Quando se trata de história, as lendas contribuem apenas com referências que, em certos casos, podem ajudar a montar alguns quebra-cabeças culturais. É crucial reconhecer, porém, a existência de lendas que não nasceram da imaginação popular e que não foram nutridas de fatos verídicos antes de ser ampliadas ou simplificadas por relatos espontâneos de geração para geração. É o caso das “lendas negras”, boatos perpetuados propositalmente, com base em versões falseadas de episódios reais, para servir a objetivos ideológicos.

A Igreja é um dos alvos preferenciais desse tipo de desonestidade intelectual e moral. E não poderia ser diferente, numa sociedade laica que se autoproclama tolerante e defensora da liberdade de pensamento e de expressão – desde que o pensamento e a expressão estejam de acordo com a sociedade laica.

Mesmo entre os autodeclarados católicos e até entre parte significativa dos próprios clérigos, a ignorância sobre a história da Igreja é vasta. Não bastasse a influência da educação anticatólica, a maioria das paróquias e dioceses oferece minguada ou nula formação em doutrina e em conhecimentos históricos, o que ajuda a explicar a falta de reação dos católicos diante das acusações disparadas contra a sua Igreja em nome de uma suposta “verdade histórica”.

Não se trata de negar o fato de que a Igreja institucional cometeu, sim, erros graves e injustiças patentes ao longo da sua história. No entanto, a “história” ensinada aos alunos de todos os países passa bem longe da imparcialidade. No caso específico da “história da Igreja“, a “educação” laica perpetua as muitas distorções que levaram Fulton Sheen a cunhar uma frase célebre: “Não existem cem pessoas que odeiam a Igreja católica, mas existem milhões que odeiam aquilo que elas pensam que é a Igreja católica”.
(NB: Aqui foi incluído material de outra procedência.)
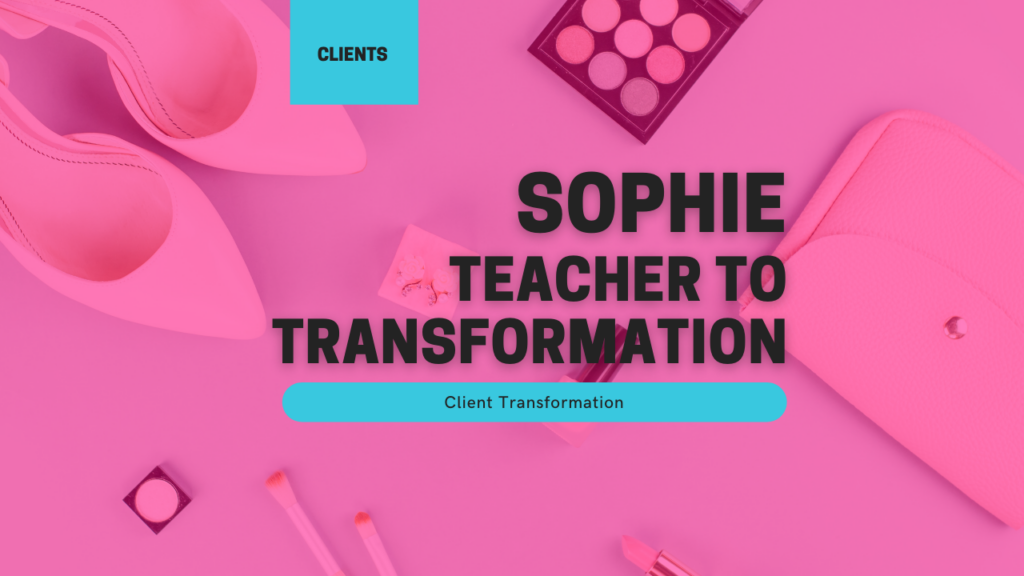 Sophie - Teacher to Transformation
(De passagem, diga-se que muitos nomes laicos são espirituosamente enfáticos em alertar para as mentiras que sujam o ensino da história: Will Durant, autor de uma História da Civilização em 11 volumes, declara que “a maior parte da história é adivinhação e o resto é preconceito”. Mark Twain afirma que “a própria tinta com que toda a história é escrita é puro preconceito líquido”. Voltaire proclama que os historiadores são “fofoqueiros que provocam os mortos”. E até Mel Gibson, no início do filme “Coração Valente”, avisa que “a história é escrita por aqueles que enforcaram os heróis”. Não é de admirar, portanto, que “uma mentira repetida mil vezes se torna verdade”, como ensinou, com grande sucesso, Joseph Goebbels).

Levando estes alertas em consideração, o leitor talvez se preste a conhecer agora outro lado das “lendas negras” sobre a Igreja: o lado estudado, por exemplo, pelo jornalista italiano Vittorio Messori, 74, um dos escritores mais traduzidos do mundo em assuntos ligados à pesquisa histórica sobre o catolicismo.

Embora tenha sido batizado quando criança, o jovem Vittorio foi criado em uma família anticlerical e nunca manteve qualquer relação com a Igreja até os estudos universitários. A universidade, onde estudava ciências políticas, seria o contexto perfeito para a ruptura definitiva entre Messori e as possibilidades de algum dia se tornar crente. No entanto, foi exatamente nesse contexto e nessa época da juventude que, a exemplo do amigo francês André Frossard, Messori se converteu ao catolicismo.

Doutor em Ciências Políticas, ele trabalhou no mundo editorial italiano e foi cronista e redator do jornal La Stampa e do semanário Tuttolibri. Passou a destacar-se como profundo investigador do cristianismo, em especial do catolicismo. Lançou obras de repercussão internacional, como “Hipótese sobre Jesus” (de 1977, na qual pesquisou as origens históricas do cristianismo), “Informe sobre a Fé”, (de 1987, a partir de uma detalhada entrevista com o então cardeal Joseph Ratzinger, recém-nomeado prefeito da Congregação para a Doutrina da Fé) e “Opus Dei, uma Investigação” (de 1996, analisando minuciosamente as “lendas negras” contra a prelatura). Messori foi ainda o primeiro jornalista a fazer uma longa entrevista com o papa João Paulo II, que se transformou no livro “Cruzando o Limiar da Esperança” (1994).